Using the listing below, please print exactly the lines from the one with "Telor asin dinosaurus" through the one with "Yeti, Newfoundlandi koer". Leave out every picture.

Input records –
+ + + + +

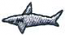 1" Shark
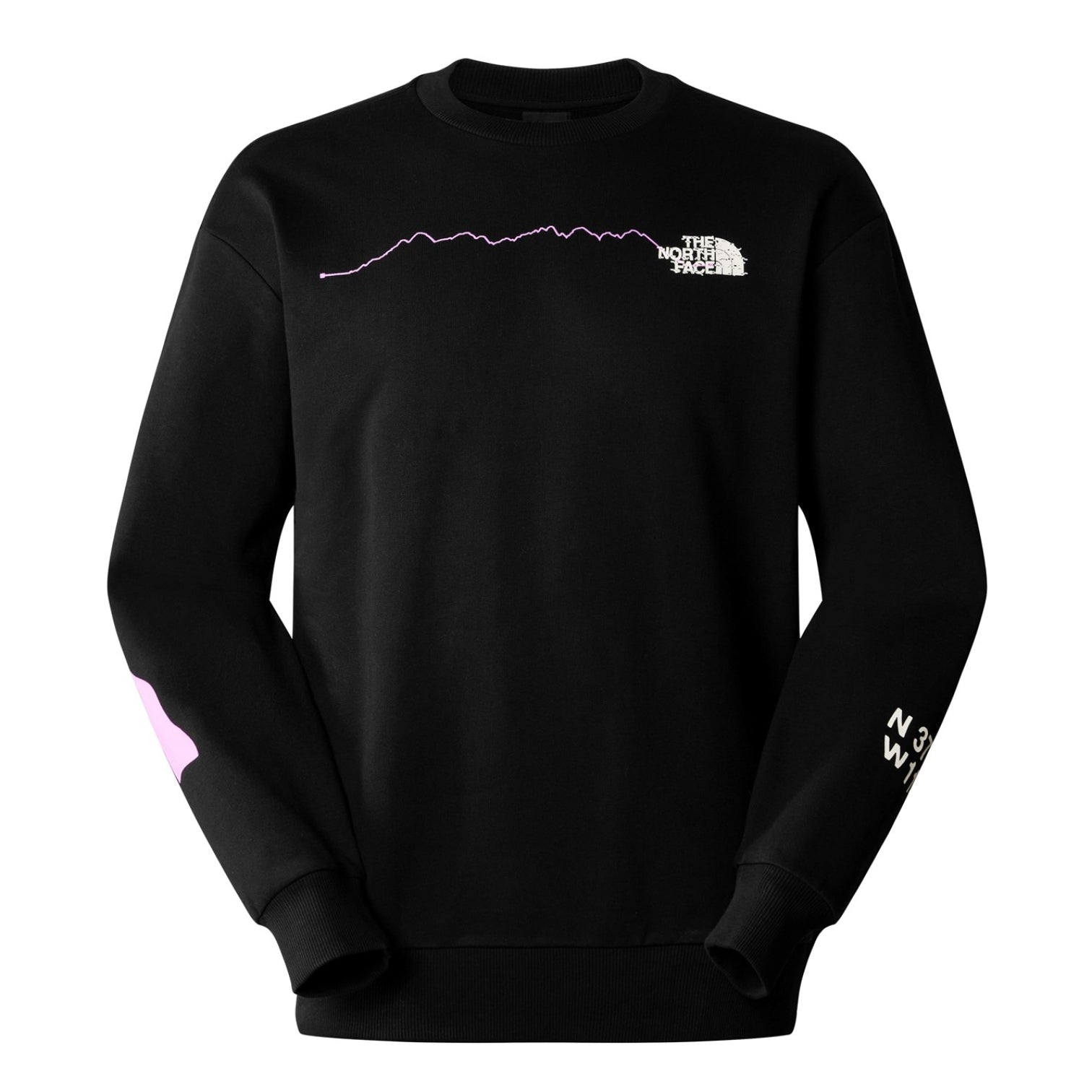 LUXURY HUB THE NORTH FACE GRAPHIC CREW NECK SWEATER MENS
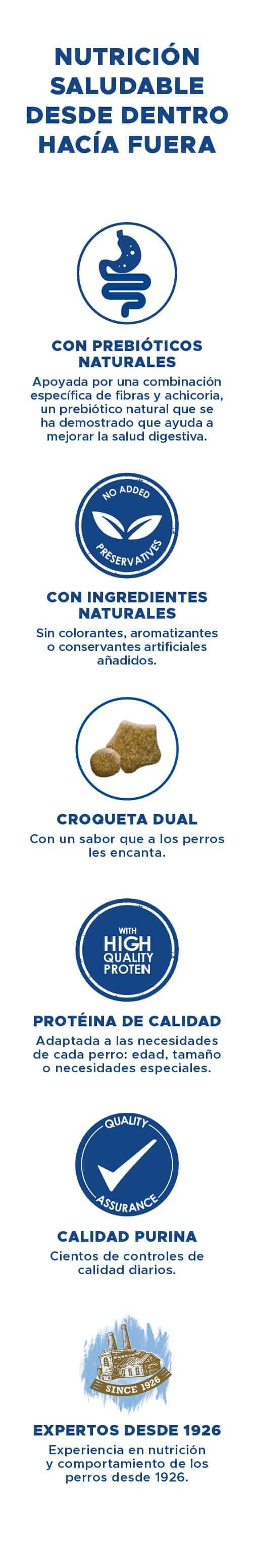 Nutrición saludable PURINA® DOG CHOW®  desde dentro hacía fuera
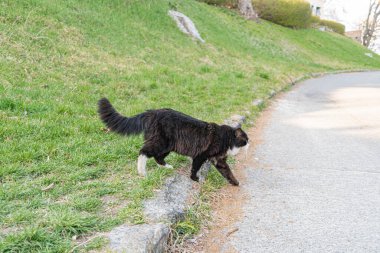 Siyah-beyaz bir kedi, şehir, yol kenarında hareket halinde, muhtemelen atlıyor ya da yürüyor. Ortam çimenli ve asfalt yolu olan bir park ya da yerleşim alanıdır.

+ + + + +

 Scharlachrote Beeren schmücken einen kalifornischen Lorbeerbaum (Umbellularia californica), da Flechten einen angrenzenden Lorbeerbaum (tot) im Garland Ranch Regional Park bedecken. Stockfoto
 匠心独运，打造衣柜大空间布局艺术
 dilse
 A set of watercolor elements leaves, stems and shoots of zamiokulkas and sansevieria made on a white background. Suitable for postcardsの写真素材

+ + + + +

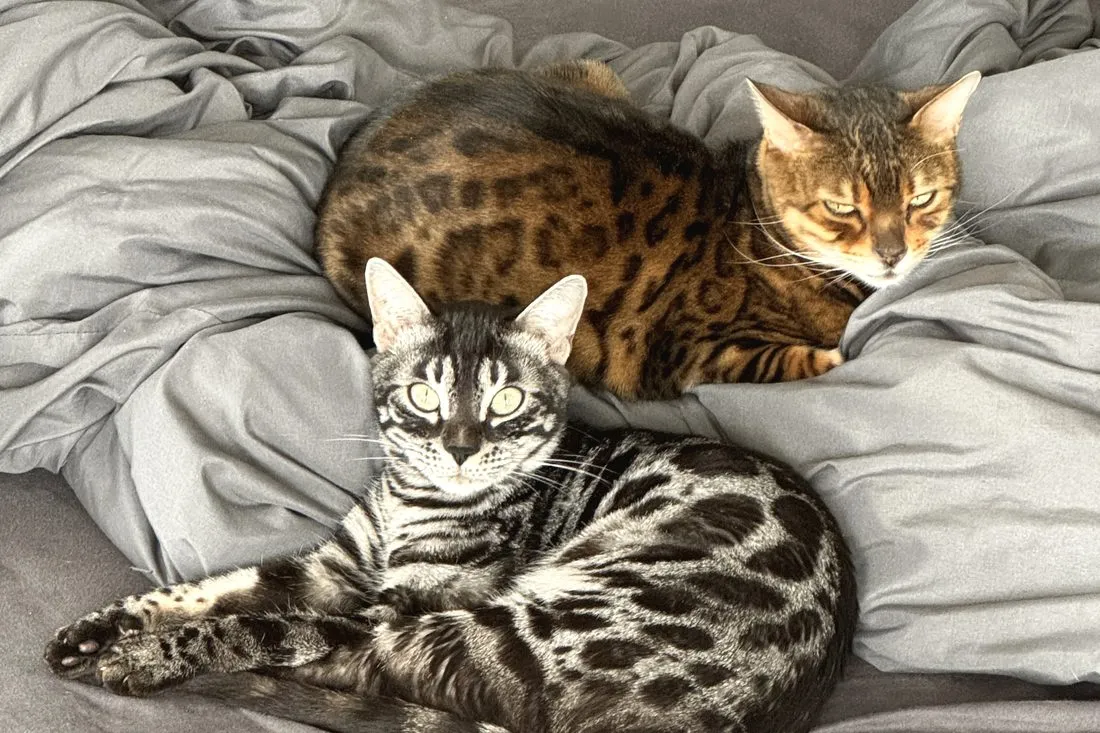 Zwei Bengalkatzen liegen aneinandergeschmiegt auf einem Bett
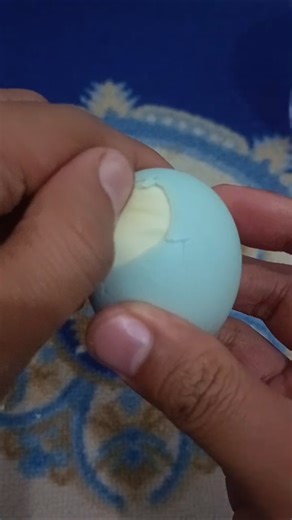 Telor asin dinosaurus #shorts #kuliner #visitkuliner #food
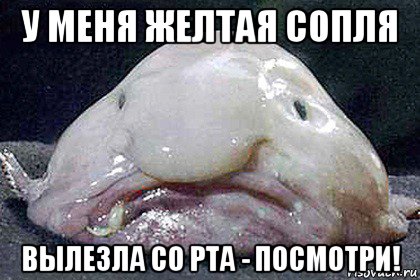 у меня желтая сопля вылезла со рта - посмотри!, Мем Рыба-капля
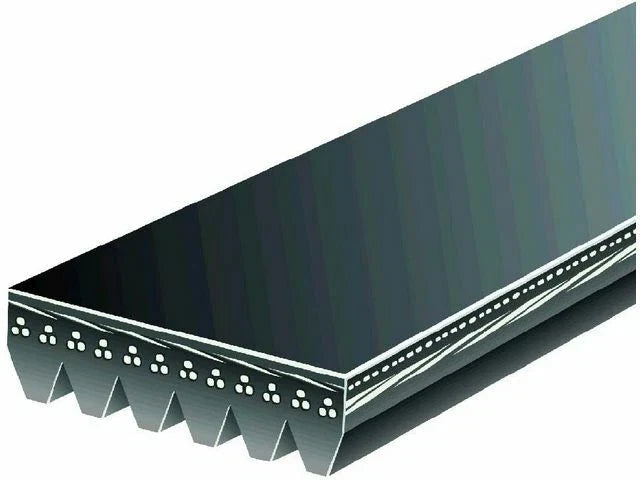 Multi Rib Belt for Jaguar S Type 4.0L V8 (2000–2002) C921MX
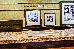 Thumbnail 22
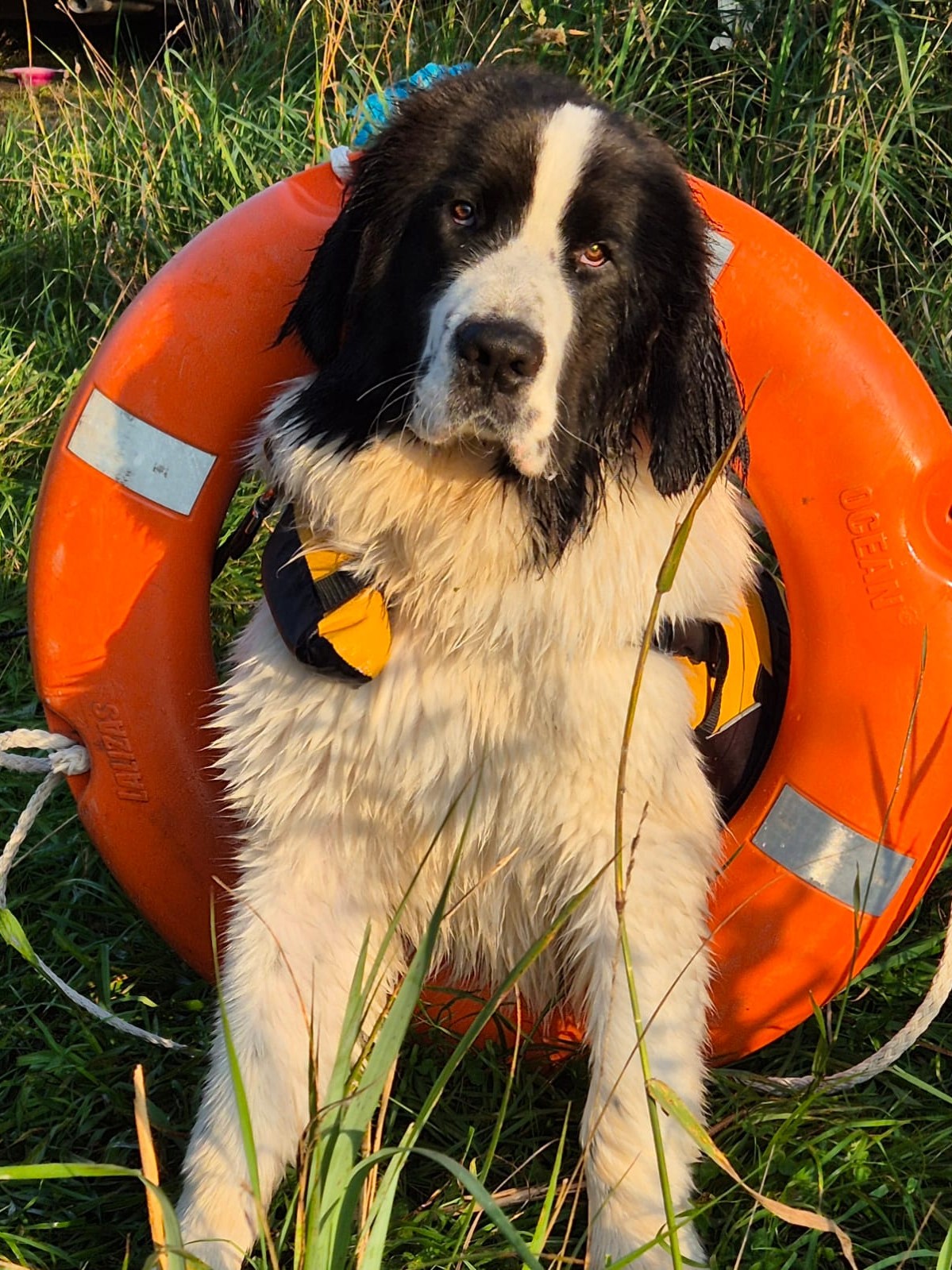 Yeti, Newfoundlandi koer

+ + + + +

Answer to this task –
 Telor asin dinosaurus #shorts #kuliner #visitkuliner #food
 у меня желтая сопля вылезла со рта - посмотри!, Мем Рыба-капля
 Multi Rib Belt for Jaguar S Type 4.0L V8 (2000–2002) C921MX
 Thumbnail 22
 Yeti, Newfoundlandi koer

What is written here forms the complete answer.